Ex-Cotabato mayor reinstalled as MNLF leader
COTABATO CITY, Philippines — Leaders of the Moro National Liberation Front reinstalled Muslimin Sema as chairman of their central committee, replacing Yusop Jikiri, who died of cancer last month.
In a statement Saturday, the MNLF’s central committee said Sema, a Maguindanaon who had served as mayor of Cotabato City for three consecutive terms, was unanimously chosen by top front members to replace Jikiri, a Tausug.
Labor Minister Romeo Sema of the Bangsamoro Autonomous Region in Muslim Mindanao, who is also MNLF’s vice chairman for political affairs, confirmed this to reporters on Sunday.
Sema was named successor of Jikiri during a meeting of MNLF leaders from across Mindanao last November 11 in a function facility in Datu Odin Sinsuat town in Maguindanao, near Camp Gonzalo Siongco, where the headquarters of the Army's 6th Infantry Division in located.

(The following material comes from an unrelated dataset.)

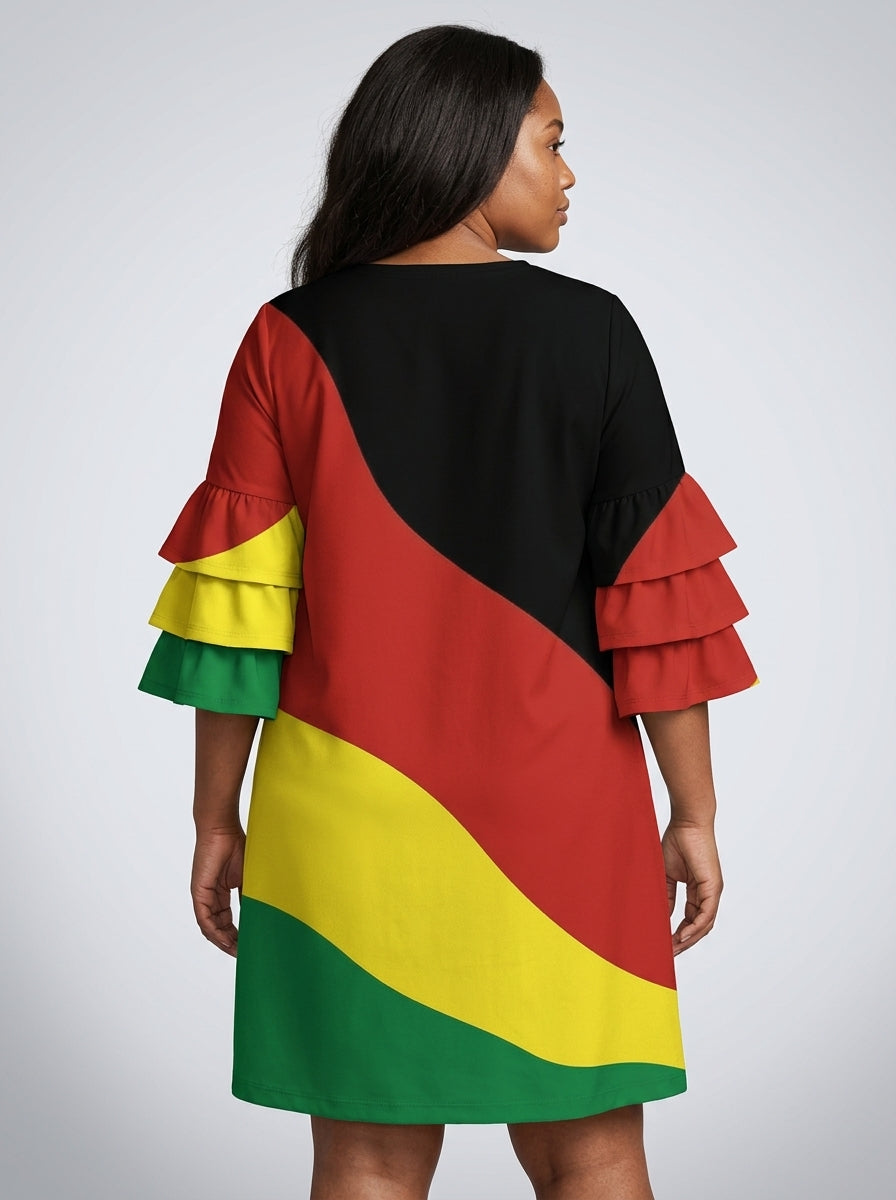 Black History Stacked Ruffle Sleeve Dress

Sema was a key negotiator during the crafting of the September 2, 1996 government-MNLF peace agreement.
Sema was also part of the MNLF bloc that initiated, along with Malacañang and the Organization of the Islamic Cooperation, or OIC, of the contentious provisions of the group’s final peace pact with the government that both sides have had misunderstandings over compliance lapses.
The final peace pact between the government and the MNLF was brokered by the OIC, a group of more than 50 Muslim nations, including wealthy petroleum exporting states in the Middle East and North Africa.
In its statement, copies of which were distributed to media outfits in central Mindanao, the MNLF committed again to support Malacañang’s southern Mindanao peace process and assured to continue patronizing its final peace accord with Malacañang.
"We also assure of our dedication to work, along with the Moro Islamic Liberation Front, in the spirit of convergence and collaboration, in establishing a genuine, lasting peace in the Bangsamoro homeland,” the statement pointed out.
The MNLF said it is steadfast in its conviction that only by peaceful efforts can the Mindanao Moro issue hounding the Philippines since the late 1960s be solved to the benefit of all sectors in the Southern Philippine regions.